-- Opening Marker --

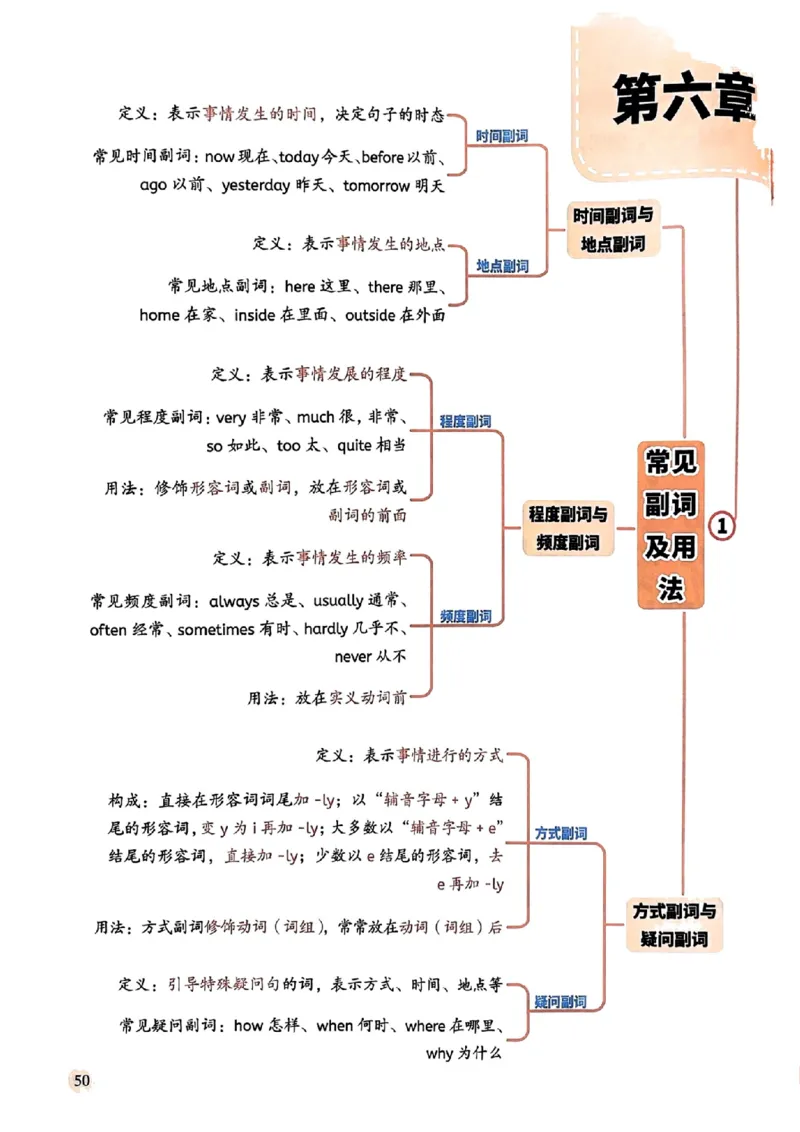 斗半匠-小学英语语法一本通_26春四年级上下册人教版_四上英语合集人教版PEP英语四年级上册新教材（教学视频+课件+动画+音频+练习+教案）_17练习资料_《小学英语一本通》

-- Closing Marker --
-- Opening Marker --

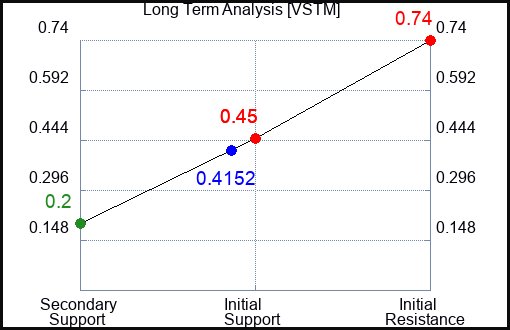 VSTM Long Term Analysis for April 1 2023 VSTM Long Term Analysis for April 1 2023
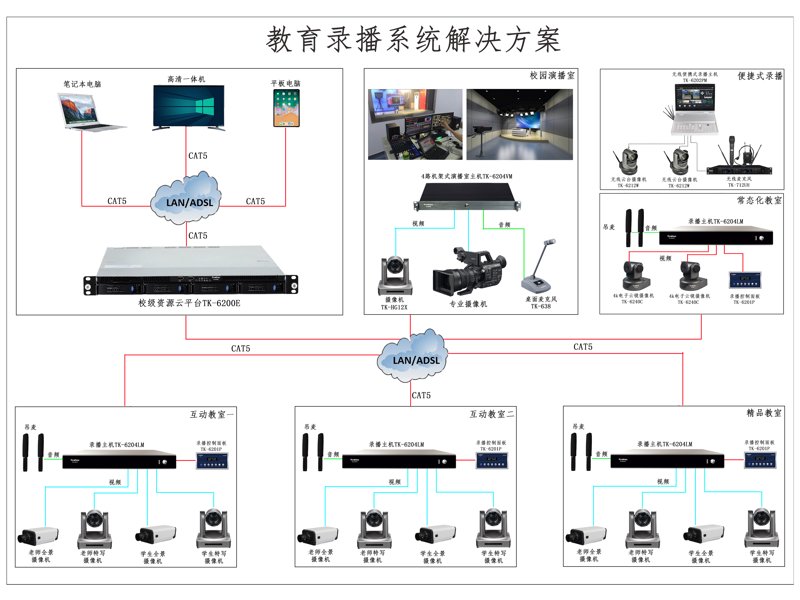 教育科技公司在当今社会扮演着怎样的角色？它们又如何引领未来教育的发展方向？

-- Closing Marker --

Exercise instructions = Pictures excluded, transcribe the listing above exactly from the line with "VSTM Long Term Analysis for April 1 2023 VSTM" through the line with "教育科技公司在当今社会扮演着怎样的角色？它们又如何引领未来教育的发展方向？", and no further.

Expected answer =
 VSTM Long Term Analysis for April 1 2023 VSTM Long Term Analysis for April 1 2023
 教育科技公司在当今社会扮演着怎样的角色？它们又如何引领未来教育的发展方向？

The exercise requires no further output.